The attitude that the body chaired by Gary Gensler has been taking toward the cryptocurrency world has long been considered borderline persecutory, considering the dozens of lawsuits filed in various capacities against companies in the sector, and especially the two-year-long lawsuit against Ripple.
The Grayscale Bitcoin Trust
Grayscale is the leading investment vehicle in the crypto world. Its main fund, the Grayscale Bitcoin Trust, administers about $2 billion and allows investors to invest in Bitcoin. But the fund offers the opportunity to invest in dozens of other products, related to cryptocurrencies. Among the products featured is the Grayscale Ethereum Trust, the main investment vehicle on the second most capitalized cryptocurrency.
Since the launch of the main Bitcoin fund, the Grayscale Bitcoin Trust, on 25 September 2013, the gain has been more than 12,000%, although in the past twelve months the fund has lost 69.3%.
The trust holds 643,572 BTC worth more than $12 billion. The Grayscale Bitcoin Trust is publicly listed on the OTCQX, an over-the-counter market under the Alternative Reporting Standard for companies that are not required to register with the Securities and Exchange Commission (SEC).
It is one of the products that allows institutional investors to invest in the cryptocurrency market, since they cannot invest directly in markets that are not yet regulated, such as the cryptocurrency market.

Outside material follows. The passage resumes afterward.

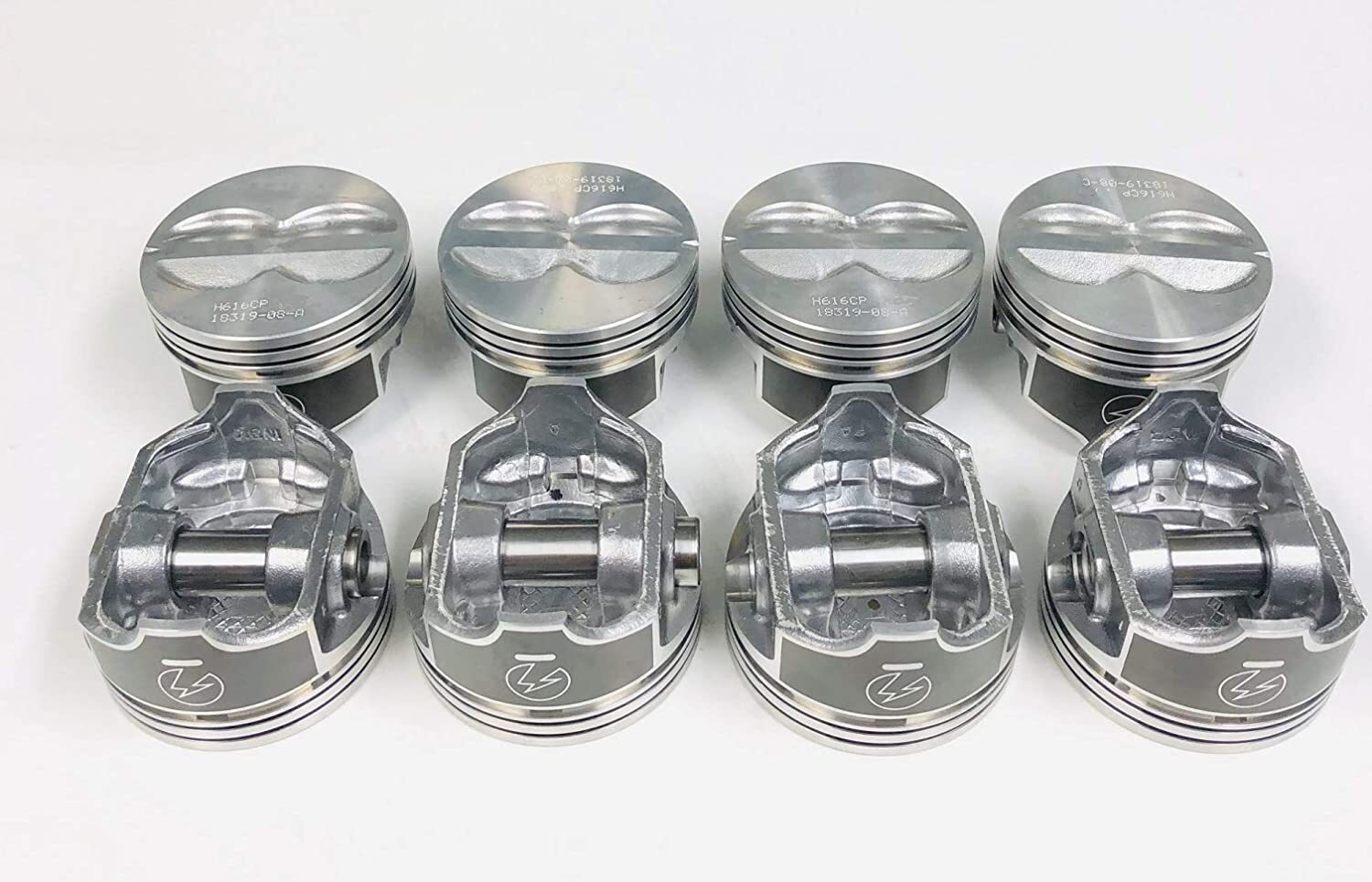 Sealed Power Hypereutectic Coated Dish Pistons Set/8 – Chevy SB 350 5.7L .030 Over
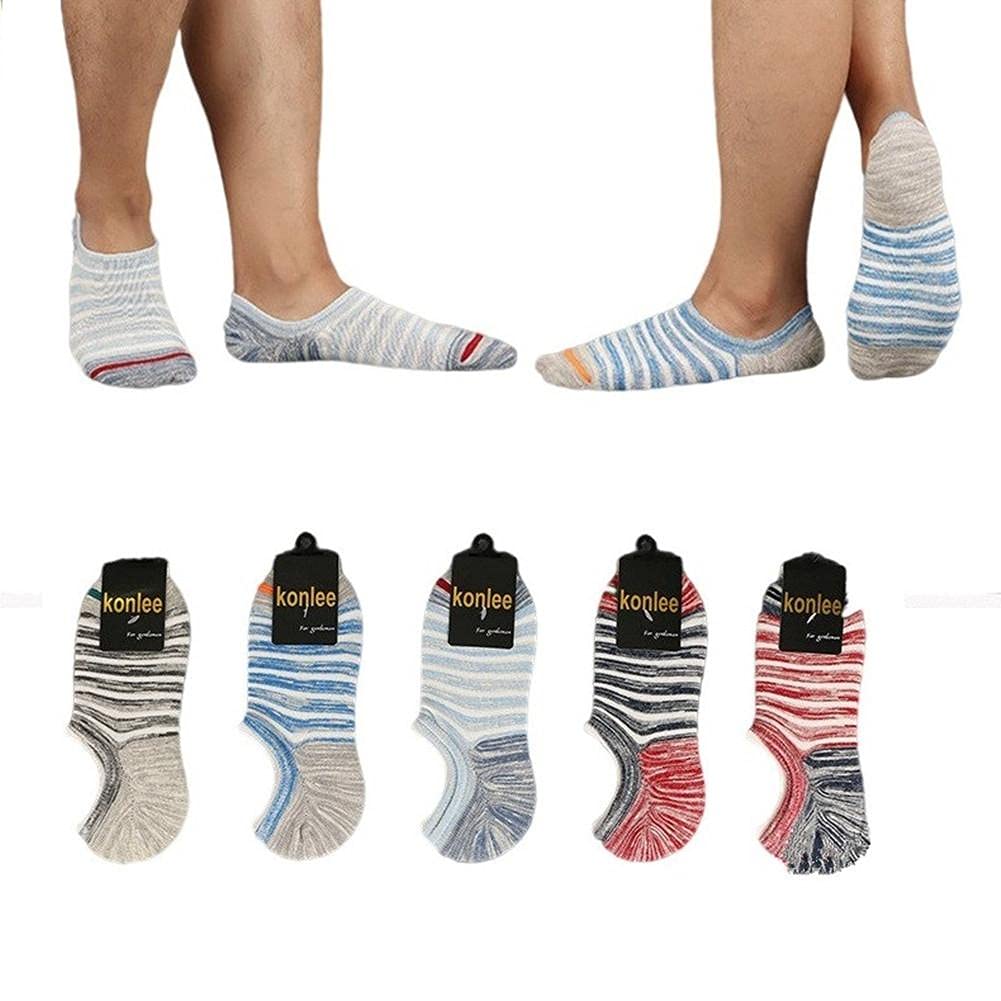 Salefun Unisex Black White Grey Women Men No Show Loafer Socks, Sneaker Socks, Non-Slip Casual Low Cut Boat Sock Invisible Socks 5 Pairs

Cathie Wood invests in Grayscale Bitcoin Trust
One of the main investors in Grayscale Bitcoin Trust is Cathie Wood‘s fund, ARK Investment, which in turn in June last year filed an application with the SEC to launch a Bitcoin ETF.
Wood has always been a supporter of the leading cryptocurrency, and recently at a TV show she said she invested $100,000 in 2015, which she still keeps in her portfolio. This would mean that at current Bitcoin prices would mean a gain of about $7 million.
Ark investment currently owns about 5.9 million shares in the Grayscale Bitcoin Trust worth about $69.7 million. But it cannot be ruled out that this shareholding will soon be revisited to the upside.
Cathie Wood reiterated that in her opinion the trust is severely undervalued, as is Bitcoin itself, on which Wood is strongly bullish. At the same time, she said that the Grayscale Bitcoin Trust may soon be allowed to be converted into a spot exchange-traded fund.
The lawsuit against the SEC
In order to achieve this very goal, after yet another rejection by the SEC, the company decided to take legal action to make its case, as recently stated by the fund’s CEO, Michael Sonnenshein, who argues that this lawsuit does not directly affect Bitcoin.
During a radio program three days ago, Sonnenshein said:
“We really feel that this lawsuit isn’t about bitcoin. This is about putting forward straightforward common sense legal arguments that really ensure that investors are protected and that the SEC is acting within their mandate.”
For its part, the Grayscale Bitcoin Trust filed an initial application with the SEC for a Bitcoin ETF in 2016, but voluntarily withdrew it because it felt the conditions were not yet ideal. The company then reapplied in October 2021 and received a formal rejection from the SEC, in which the regulator justified this decision with concerns that the funds were vulnerable to market manipulation.
Grayscale’s CEO concluded:
“We’ve never seen them do this before for any other product, any other commodity that we’ve ever seen. And it applied it very, very stringently to spot bitcoin ETFs, like GBTC [Grayscale Bitcoin Trust], but very leniently to bitcoin futures ETFs, really acting outside of its authority under the [Securities and] Exchange Act. And that’s really one of the strongest arguments.”